Antoine Bardou-Jacquet: Genius in Motion
The director behind some of the greatest automotive ads of the decade
By David Surace
You know the story: the tiny cog begins its slow roll toward stage left with an eerily assured motion, almost like the little piece of machined metal knows its manifest destiny. One minute fifty-three seconds (and 84 car parts) later, a UK-market Honda Accord Estate rolls over a trip-wire and unfurls the black banner bearing its name, to the crash-boom of the SugarHill Gang’s “Rapper’s Delight” and the Minnesota lilt of Garrison Keillor’s voiceover: “Isn’t it nice when things just work?”
It is very nice, indeed. It isn’t even certain that Wieden + Kennedy London and its production company, Partizan Midi Minuit, are done bagging awards for the piece, named “Cog,” since it first aired in 2003. What you might not know is that the man who directed that spot, Paris-based graphic designer Antoine Bardou-Jacquet, has done much more work with the automotive industry since.

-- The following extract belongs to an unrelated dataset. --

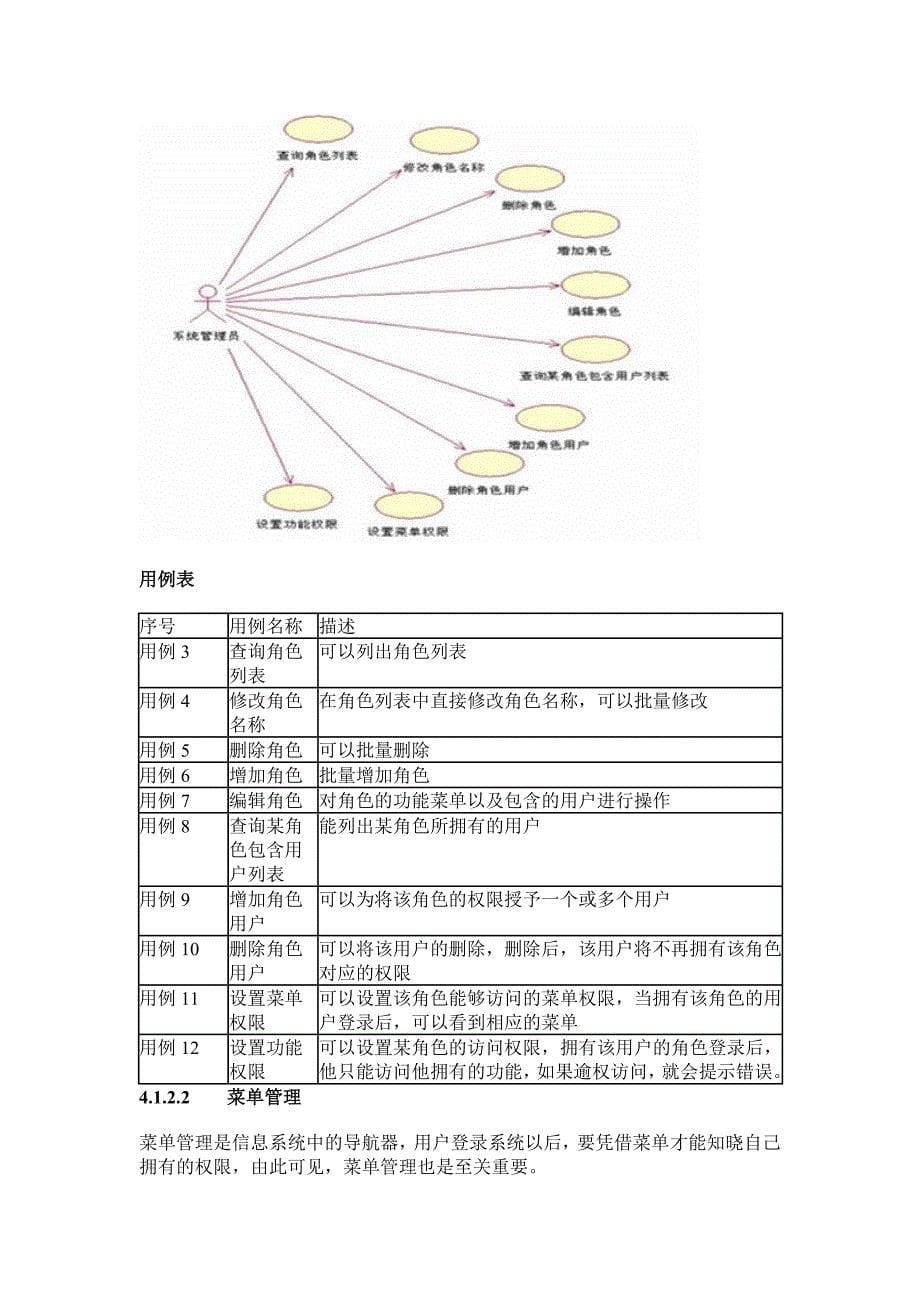 组织机构权限管理需求说明书_第5页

Many of his commercials feature an intense CGI or video-game theme, one of the best being a spot for Peugeot illustrating the adultness of its shark-nosed 407 range:
Another creative spot for Peugeot features the diminutive city car, the 1007, whose standout feature is its unique sliding-door configuration. This commercial’s intent was to illustrate the car’s ease-of-use factor, although it might make you want your own pet cartoon monster spider as well:
In 2006 Honda UK debuted its new 3-door Civic hatch with one of Bardou-Jacquet’s finest works and perhaps the one which lugged home the most awards; it describes the everyday ownership experience using an a capella choir. The music (yes, it’s real music) was composed by creative/choir director Jenny O’Grady, and conducted by Steve Sidwell (the bald guy):
I’m saving the best for last. This two-minute, $3.9 million commercial celebrates 60 years of Shell’s off-and-on relationship with Ferrari by (carefully) flinging several priceless race machines through the closed-off streets of London, Rio de Janeiro, Tokyo, New York, and Sydney:
What’s astonishing isn’t the level of technical achievement or even the new light shed on these (sometimes) ordinary cars. These certainly aren’t the only good automotive ads, though it’s somewhat conspicuous that the commercials we’re accustomed to in the States are not often so creative or brazen. But that still doesn’t detract from the most amazing thing of all: that Antoine Bardou-Jacquet continues to raise his own bar.